The women’s pack was broken when Bowerman Track Club teammate Shalane Flanagan and Amy Cragg pushed the pace and opened an ever-widening gap as they completed the first two of the four six-mile loops. HOKA Northern Arizona Elite’s Kellyn Taylor looked solid in third. However, it is a marathon and it can be cruel.
Just after 25K, Pennel decided to drop the pace and covered the 17th mile in 4:47. Meb and Rupp followed. Ward ran a very hard 4:50, but managed to stay in contention. Tyler’s lead grew to a reported 40 meters, but was to be short-lived as Meb and Galen reeled him in and began a two-man battle. It wasn’t a battle for long as Rupp’s sub-27:00 10K talent took the toll on the aging fan-favorite.
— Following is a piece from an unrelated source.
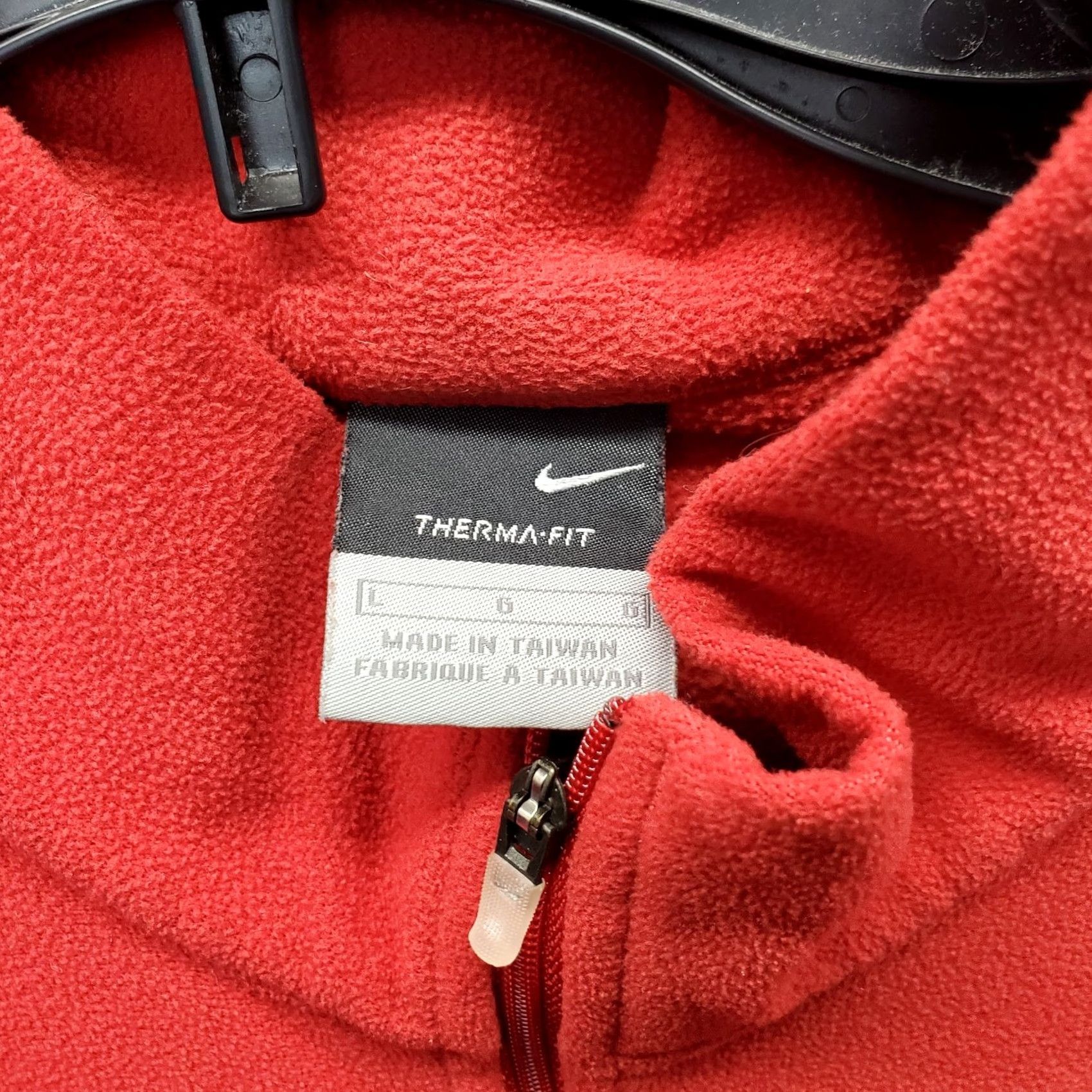 Nike Nike Sweatshirt Mens L Red Long Sleeve Therma Fit Mock Neck Quarter Zip Logo Size US L / EU 52-54 / 3 - 6 Thumbnail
Rupp would go on to victory in his debut marathon (qualifying with via the half marathon proves positive again) running 2:11:12. Meb would follow in second in 2:12:20 to make his 4th Olympic team.
The surge after 25K had broken the pack, but it also may have been the undoing for Tyler Pennel. It was a gutsy move, but both a hard charging Ward and Puskedra passed him as they placed third and fourth. As a side note, it may be that fatherhood was the difference as the top four finishers are all proud fathers.
Wilkerson Given had remained in the lead pack through 25K, but attempting that pace had exhausted his energy stores and he faded to 54th place over the final brutal miles. Another gutsy effort and a final time of 2:27:50, but losing over 16 minutes to Rupp over the final ten miles.
Mark Leininger, seeded 115th, had followed our strategy well. Although running much slower than we had desired before arriving in LA, he gradually moved up through the field. He placed 60th with a time of 2:28:17. So our two representatives from Greenville finished with 30 seconds of each other—with completely opposite strategies. There are many ways to skin the cat.
While the women’s race became very interesting as Shalane began to experience the negative effects of the conditions, Desi Linden began to make her move and looked strong. She had passed Taylor , and was also holding her lead on everybody’s favorite Kara Goucher. Amy Cragg attempted to motivate and assist her teammate Flanagan, but realized Linden was closing the gap. Cragg then used her strength to pull away from Shalane and earn the $80,000 first prize and the first spot on the Olympic Team. What a difference from four years ago, when she placed a devastating fourth as Amy Hastings. The top five women were the same top five finishers from 2012, although in a different order. Linden was now second and Flanagan third with Goucher fourth this time and just missing another Olympic Team.
Our ASICS GTC-ELITE women were learning the harshness of the marathon. Nicole passed halfway in 1:20:47, which was still a very good effort for the conditions. However, the last six miles which she had been warned about were every bit as bad as advertised. She managed to finish in 2:52:10 for 82nd place. Dylan also experienced the wall after passing the half in 1:21:08. She struggled, but finished in 113th place with a time of 2:58:46. Both women will run much faster in their future careers.
As many of our coaching friends commented after the race, “It was carnage out there.” Each elite training group or program had gone to extreme planning and details to prepare their athletes for these trials. However the heat had taken its toll on most.
As we collected our athletes and gear in the athletes restricted area following the races, I saw Elkanah Kibet, who had placed 19thst, lying by bags of ice. He looked up at me and said, “Mike, it was very, very, very hot.”
Mike Caldwell is director/coach of ASICS Greenville Track Club-ELITE. This blog was originally written for and published in the Spring 2016 issue of PACE Running Magazine.